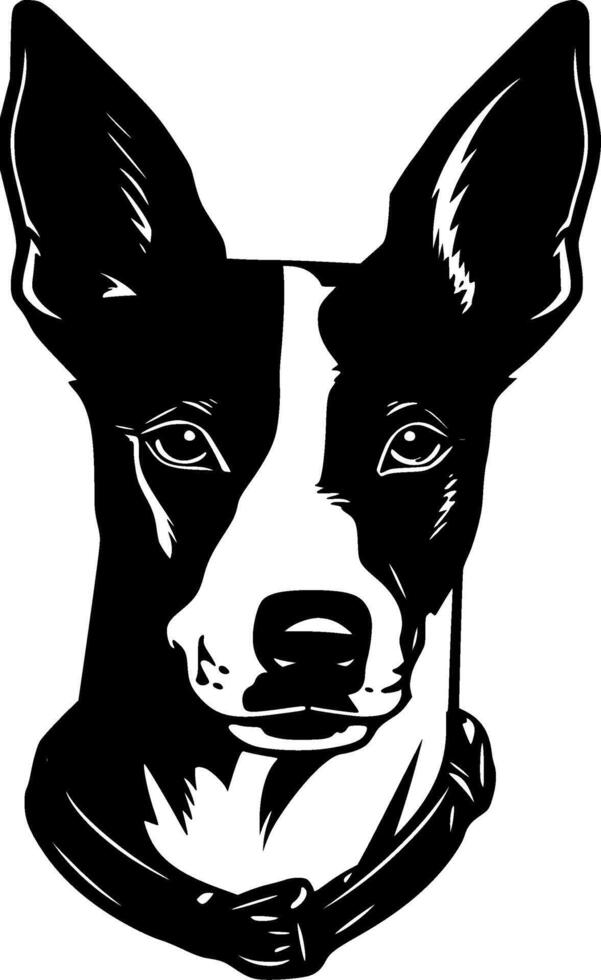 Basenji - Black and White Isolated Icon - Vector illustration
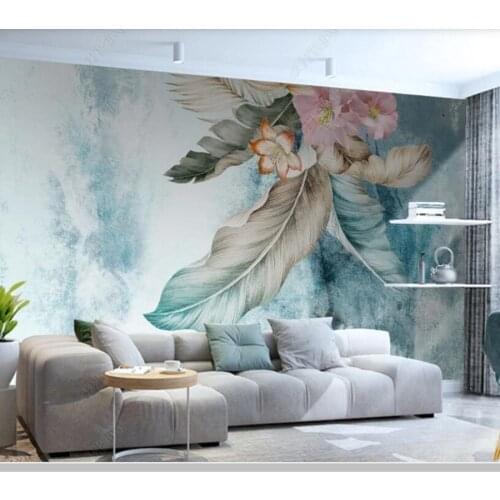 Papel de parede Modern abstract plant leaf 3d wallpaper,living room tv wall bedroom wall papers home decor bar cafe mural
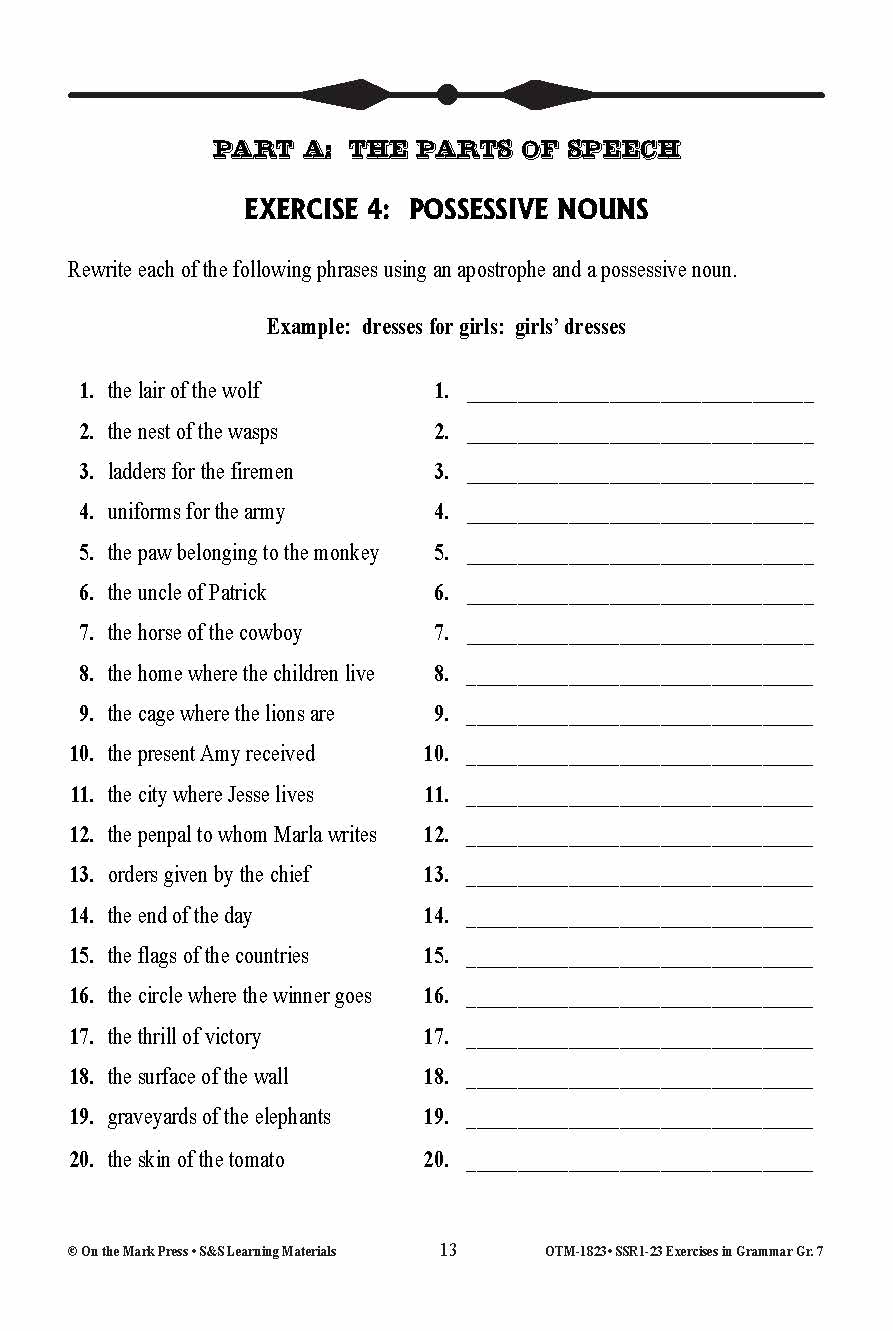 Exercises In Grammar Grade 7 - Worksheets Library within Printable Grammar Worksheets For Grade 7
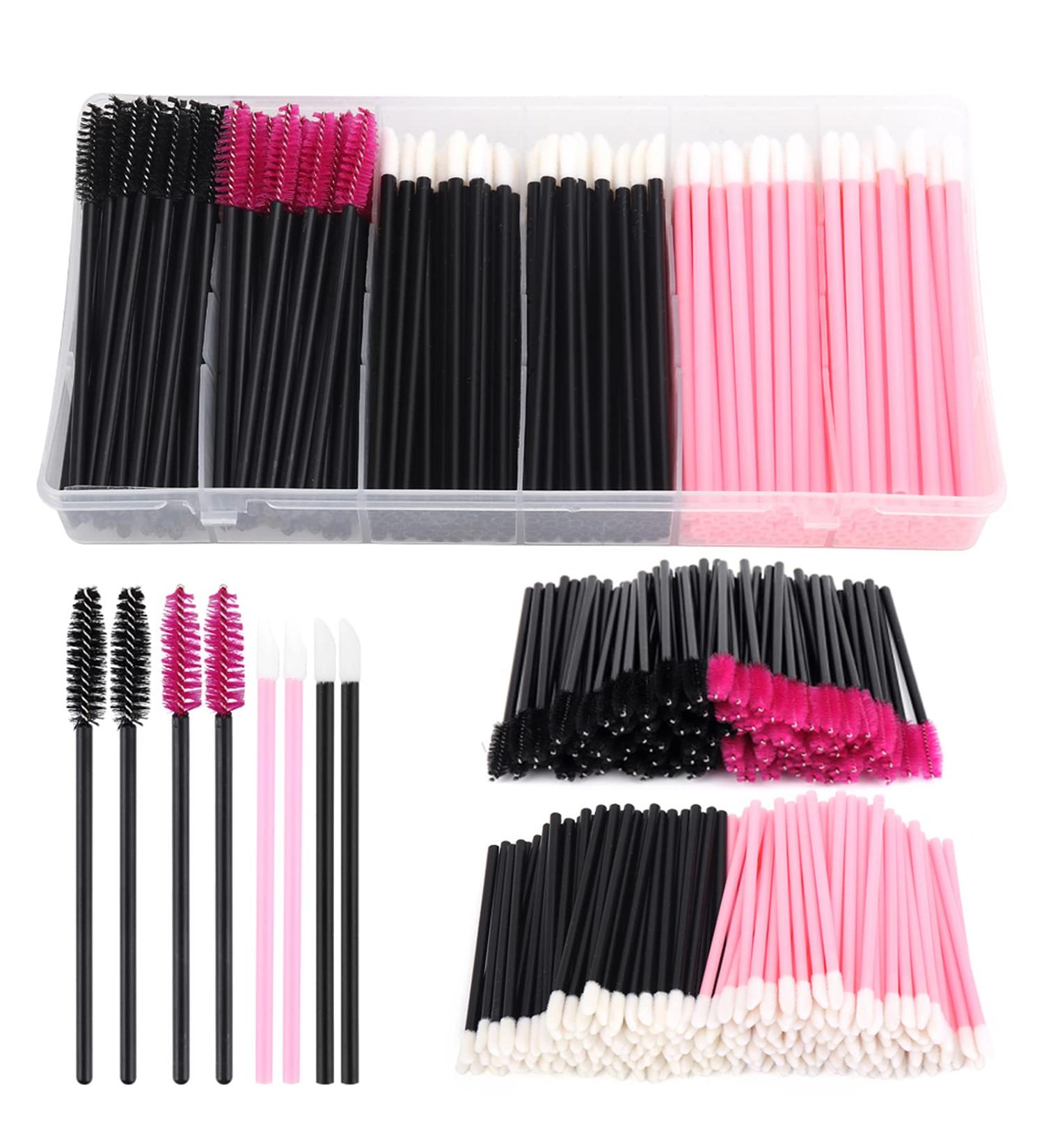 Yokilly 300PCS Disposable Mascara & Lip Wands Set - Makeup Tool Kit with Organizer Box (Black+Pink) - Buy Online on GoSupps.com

• Exercise prompt
Print the data once more without any change, skipping each picture.

• Your response
 Basenji - Black and White Isolated Icon - Vector illustration
 Papel de parede Modern abstract plant leaf 3d wallpaper,living room tv wall bedroom wall papers home decor bar cafe mural
 Exercises In Grammar Grade 7 - Worksheets Library within Printable Grammar Worksheets For Grade 7
 Yokilly 300PCS Disposable Mascara & Lip Wands Set - Makeup Tool Kit with Organizer Box (Black+Pink) - Buy Online on GoSupps.com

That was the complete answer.